Grand Rapids and West Michigan has invested significant amounts of money in our arena and convention center," said State Rep. Michael Sak, D-Grand Rapids. "The gambling issue is secondary. I don't want to see convention people not going to Grand Rapids entertainment venues because they're going to an AlleganCounty casino."

Sak cited as an example the Soaring Eagle in Mount Pleasant, which has grown beyond gaming into a full-fledged resort that includes lodging, entertainment and spas. He guessed that there are at least 15 Democrats in the House who would side with him against the Gun Lake Casino, and likely a majority of Republicans.

While the debate on whether a casino is right for West Michigan could soon be obsolete, it remains to be seen how much of a casino it will have.

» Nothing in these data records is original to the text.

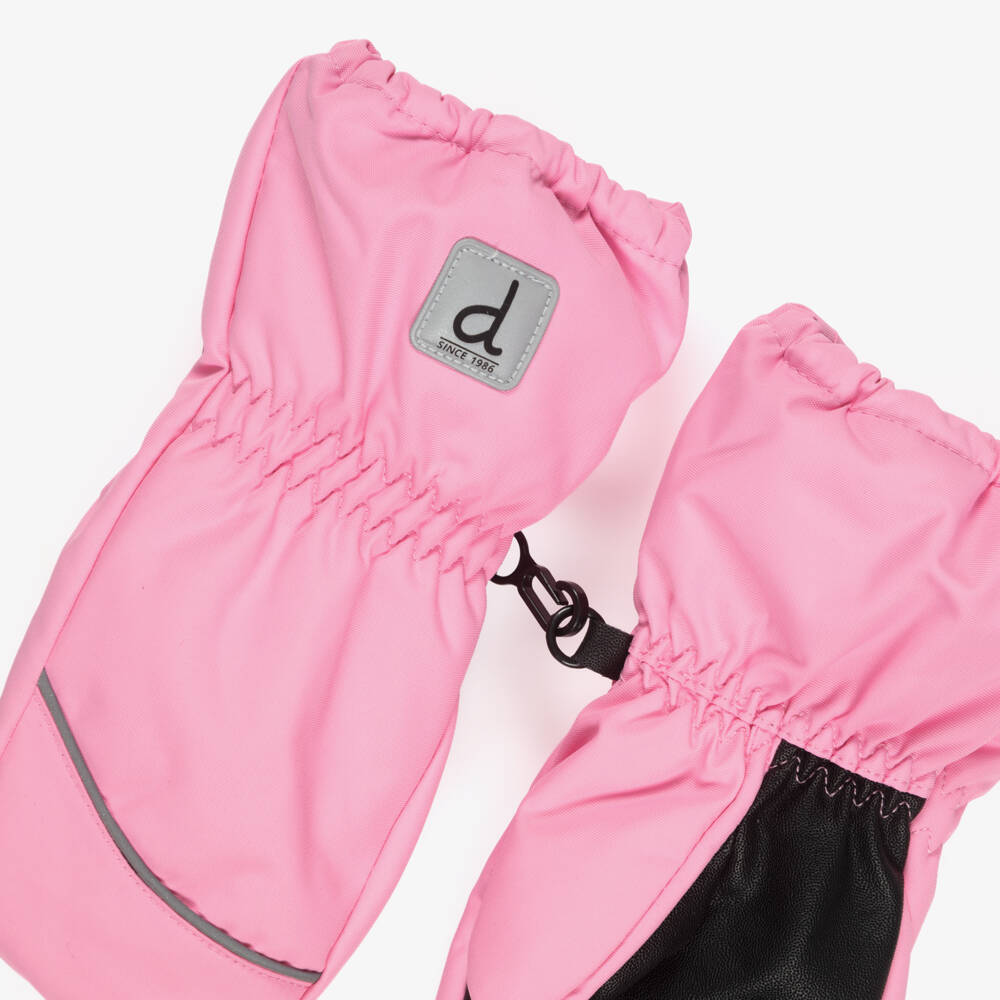 Deux par Deux-Girls Technical Pink Ski Mittens | Childrensalon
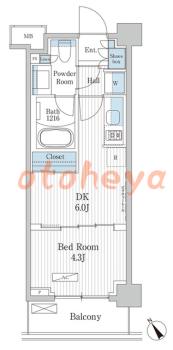 楽器ピアノ可相談 の 賃貸物件 1DK 14.2万円の図面１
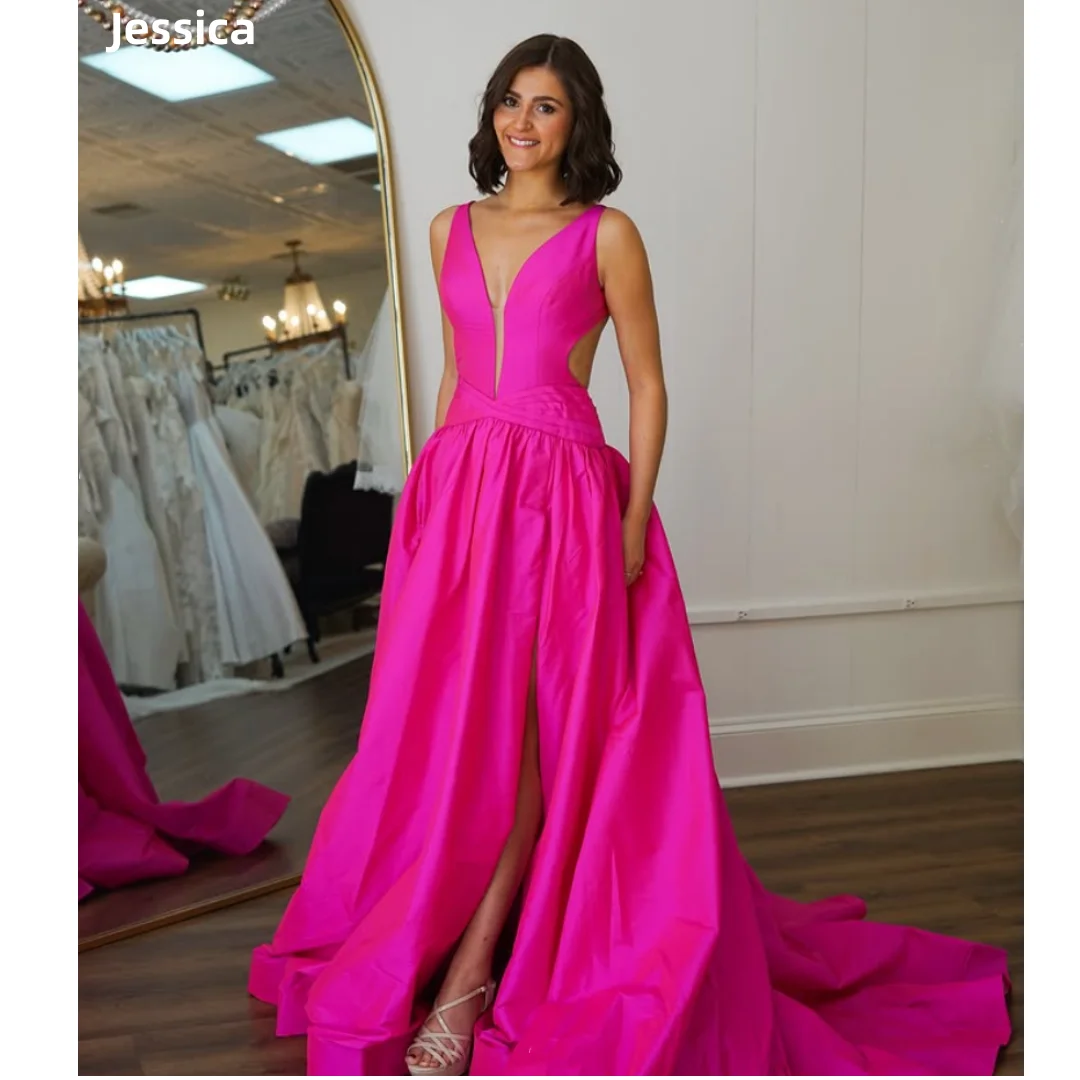 Jessica V-neck Taffeta Evening Dresses Hot Pink Prom Dresses Gorgeous Sexy Off-shoulder Mop Wedding Party Dress Customized 2025
Jessica V-neck Taffeta Evening Dresses Hot Pink Prom Dresses Gorgeous Sexy Off-shoulder Mop Wedding Party Dress Customized 2025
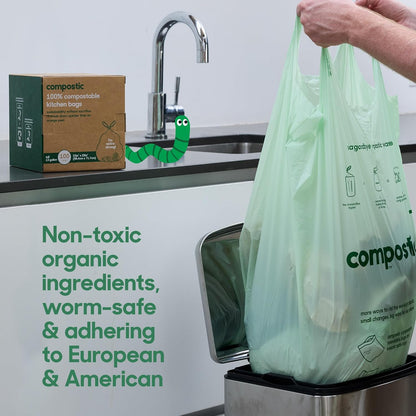Compostic Home Compostable Trash Bags, 3 Gallon Small Kitchen Rubbish Bags (17” x 17.7”), Extra Strong & Quickly Breaks Down, 100 Count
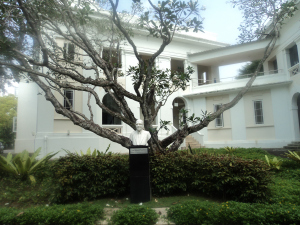 Jain statue front school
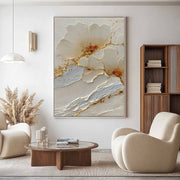 Wall Art Cream Floral Gold Kintsugi Textured - Neutralighting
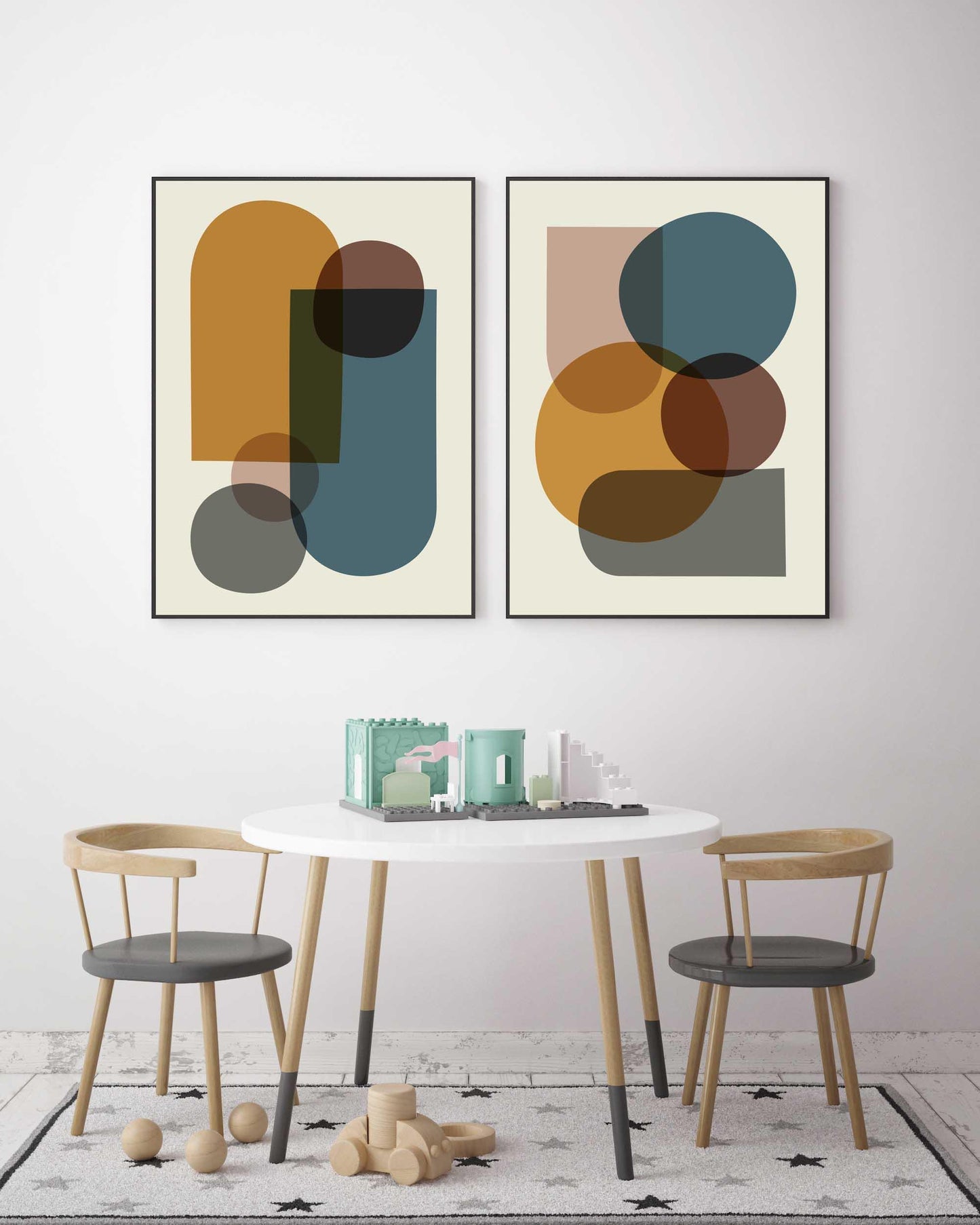 Set of 2 Modern Abstract Art Prints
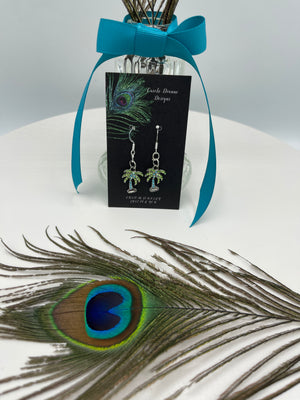 Green Rhinestone Palm Tree Hypoallergenic Earrings
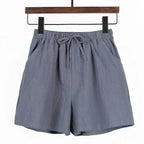 Women’s Cotton‑Linen Wide‑Leg Beach Shorts-HighTouch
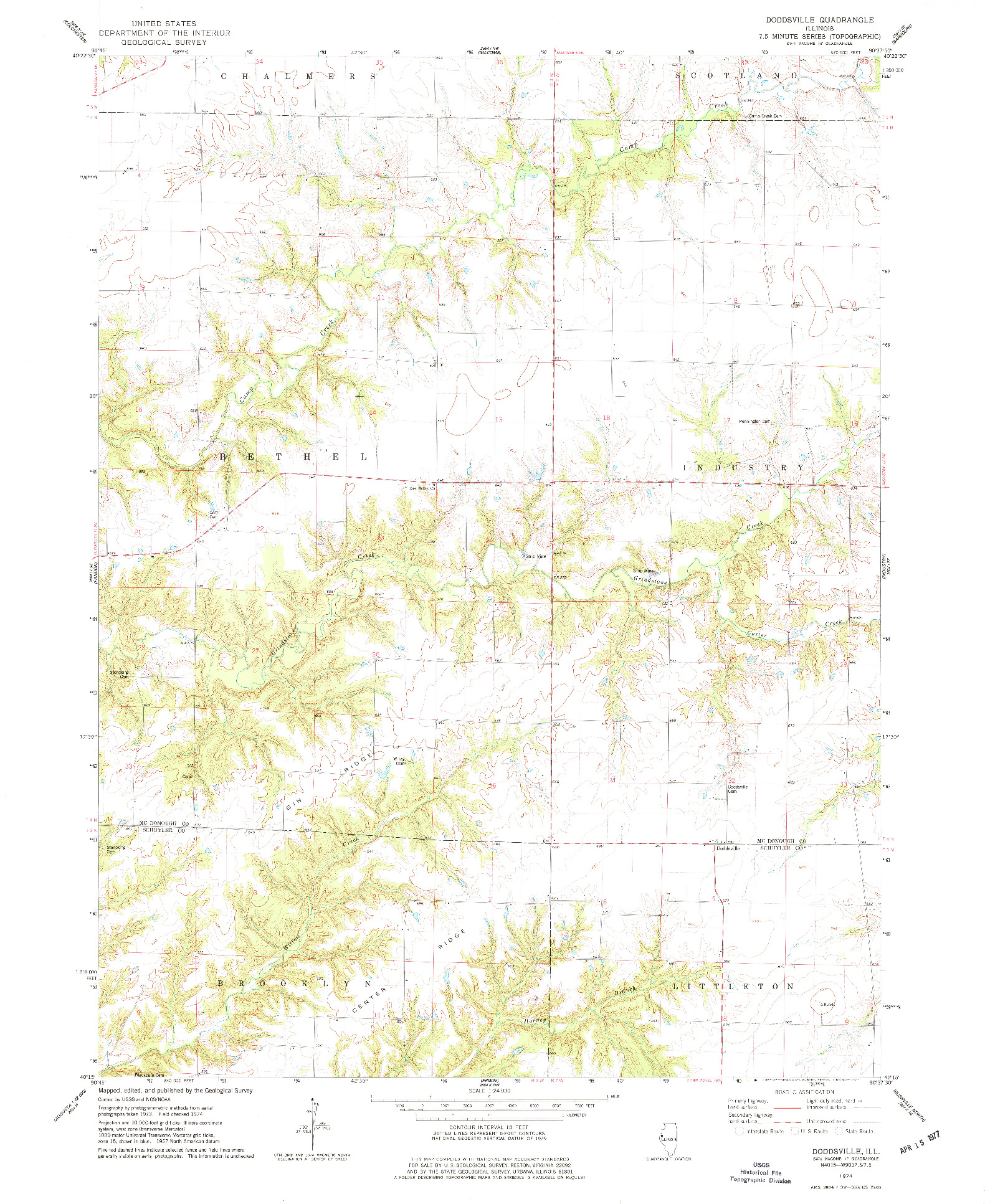 USGS 1:24000-SCALE QUADRANGLE FOR DODDSVILLE, IL 1974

Under normal circumstances, the tribe will need a compact approved by the legislature and governor to operate a Class III casino. Without it, the tribe can move ahead with a Class II casino, which would be limited primarily to card games, bingo and some electronic games, with no local or state regulation.

In 2002, the House and Senate approved a Class III compact for the casino, which then-Gov. John Engler opted not to sign. Since then, the Senate has voted to remove its approval, and Gov. Jennifer Granholm has not reopened the issue, although she is in discussions with the tribe.

While the tribe will move ahead with the Class II project initially, any avenue it proceeds on toward Class III gaming will likely involve further litigation.

"If the court rules against us, the fight will ultimately move to Lansing," said Helmholdt, the 23 is Enough spokesman.

The tribe is fully expecting another legal fight, said James Nye, who leads the tribe's government relations efforts. The state has 180 days after the land is taken into trust to negotiate a compact. If Granholm signs the existing compact, there will be a challenge against its validity. If she does not, the tribe will take its case to the Department of Interior, which last year granted a Wyoming tribe's request to conduct Class III gaming without a compact.

In an interview last week on Newsradio WOOD 1300 in Grand Rapids, Granholm indicated she would prefer to negotiate a new compact — which, by law, must again be approved by the legislature — with hopes to avoid the failures of previous compacts.

"They're going to start their casino one way or another, and we need to negotiate to get the best deal for the citizens of Michigan," she said.